Thongsuwan et al. [35] demonstrated a hierarchical approach in 2021 using extraction of authorization-sensitive feature and implementing deep learning algorithms to design an android malware detection framework. This framework extracts four sensitive features: basic blocks, permissions, api, and key functions used for authorization. An innovative machine learning model, i.e., convolution neural network and eXtreme Gradient Boosting (CNNXGB) are implemented for training, learning and detection of malware. This framework sequences the key functions as per the timing of API calls and collects a similar section that confines the global semantics of malware family. Permissions and API calls were extracted from 1,330 android test samples to drill the model by XGBoost. The result demonstrated that efficiency increased upto 98% by the CNNXGB model. However, as the input data for analysis is increased, the number of the convolution layers and complexity increases.
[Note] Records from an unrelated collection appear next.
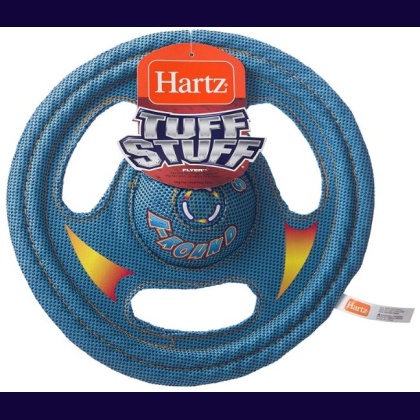 Hartz Tuff Stuff Flyer Disc Dog Toy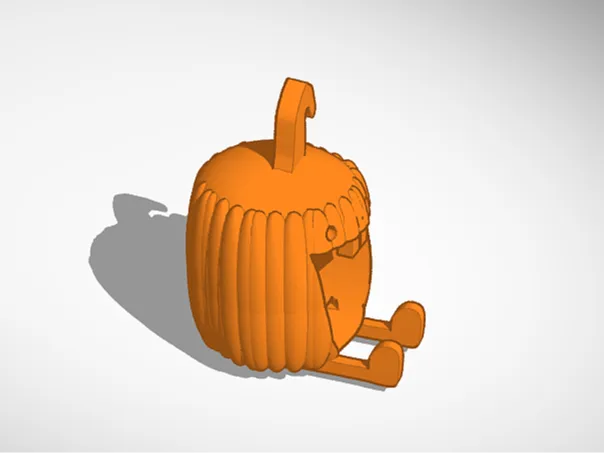 Pumpkin guy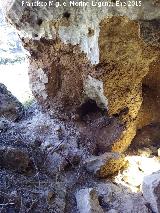 Cuevas Piquita. Cueva X. Cantarera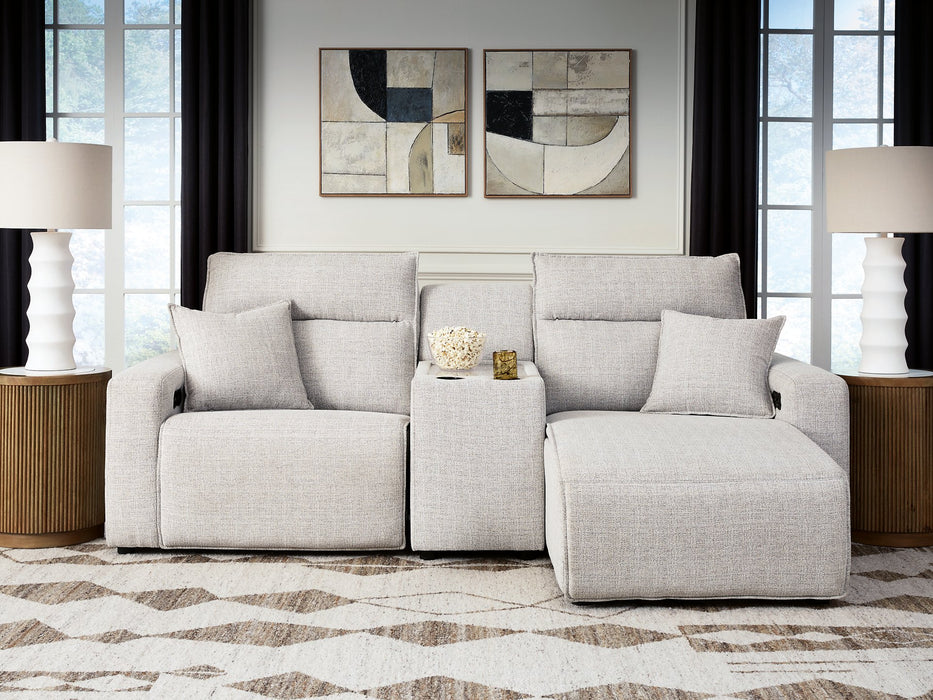 Modmax II Power Reclining Sectional with Chaise - Home And Beyond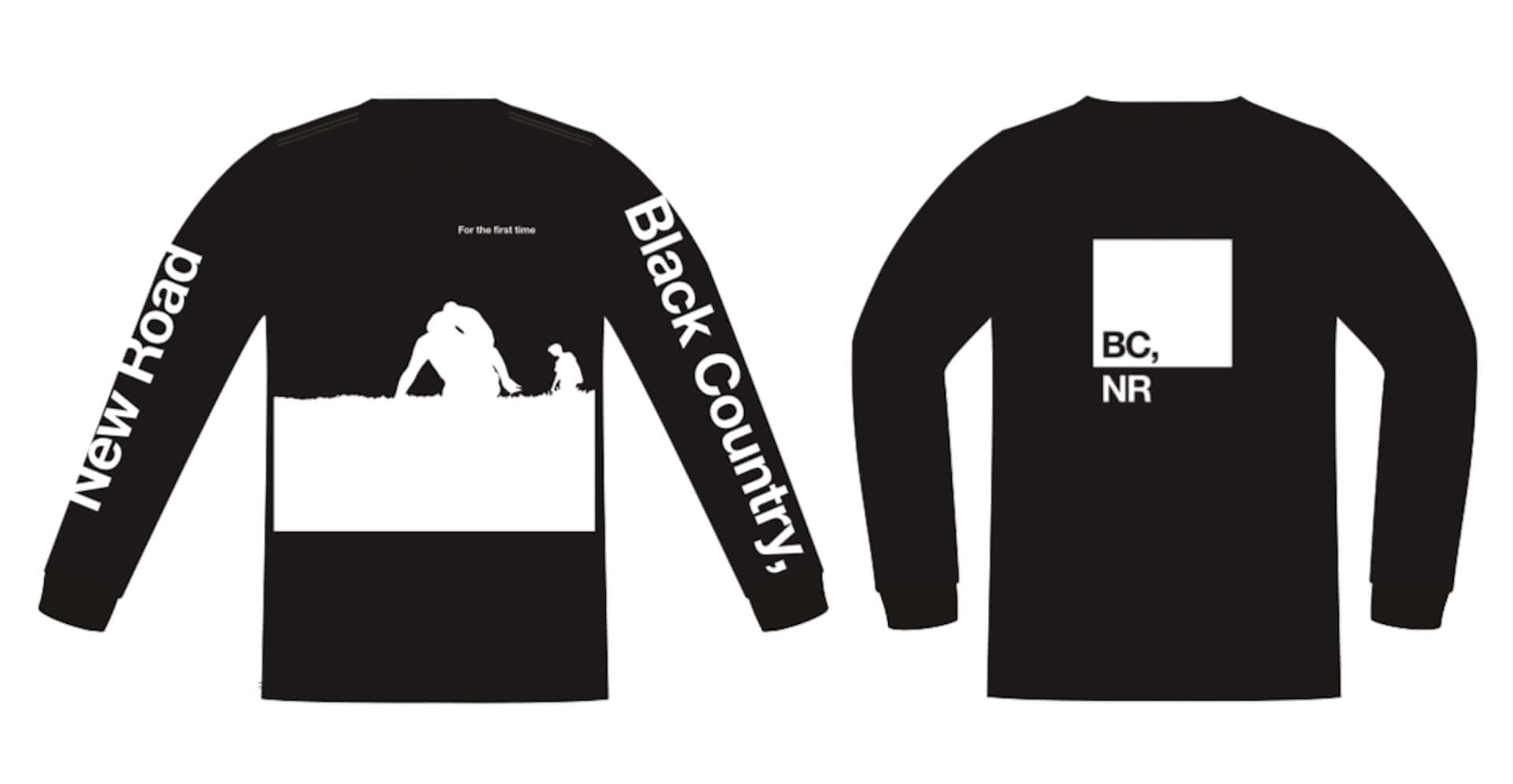 Black Country, New Roadのデビュー作『For the first time』がリリース！〈BIG LOVE RECORDS〉とのコラボTシャツも発売 music210205_bcnr_2-1920x995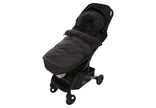 Chancelière Bugy embossed Nearly black Jollein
McDonald et al. [36] developed a framework based on manifest permission and machine learning for android malware detection in 2021. In this framework, four different machine learning algorithms (1) random forest, (2) support vector machine, (3) Gaussian Naïve Bayes and (4) K-Means are applied in conjunction with features selected from android manifest file permissions to distinguish the apps as malicious or benign. A test set of 5,243 samples are used to test the framework and it was demonstrated that random forest ML algorithm performed the best with 82.5% precision and 81.5% accuracy.

Above mentioned techniques are briefly explained and tabulated in Table 1 for ready reference for researchers.

Table 1 Overview of the existing framework and research gaps

3 Discussion

Based on the review of all frameworks, an overall comparative analysis among all malware detection frameworks based on static and dynamic features and hybrid features using artificial intelligence are analyzed. We discover that the hybrid method using artificial intelligence has the best accuracy in comparison with statics and dynamic malware analysis detection approaches. The accuracy efficiency of each framework is analyzed and it is observed that all frameworks have an accuracy efficiency higher than 80%. It is also examined that the DL-Droid malware analysis framework has maximum accuracy efficiency that is 99.6% [31], and machine learning-based android malware detection framework using manifest permissions has minimum accuracy efficiency that is 81% [36].

4 Conclusion

A methodical and chronically literature investigation of the detection and analysis frameworks and techniques for android malware are explained. The work done by researches were reviewed and investigated and existing android malware analysis frameworks were categorized into two categories: (1) static and dynamic malware analysis and (2) hybrid malware analysis using artificial intelligence. These malware analysis frameworks were compared and analyzed according to their specific features and technique. The advantage and disadvantage of each analysis framework were deliberated. It is essential to develop the frameworks which automatically learn without the intervention of human and detect the zero-day malwares. Therefore, artificial intelligence techniques surfaced as a potential solution to handle the different types of malwares. This state-of-the-art research survey is a fundamental instrument for further any research which can make a tremendous change in the development of a new framework.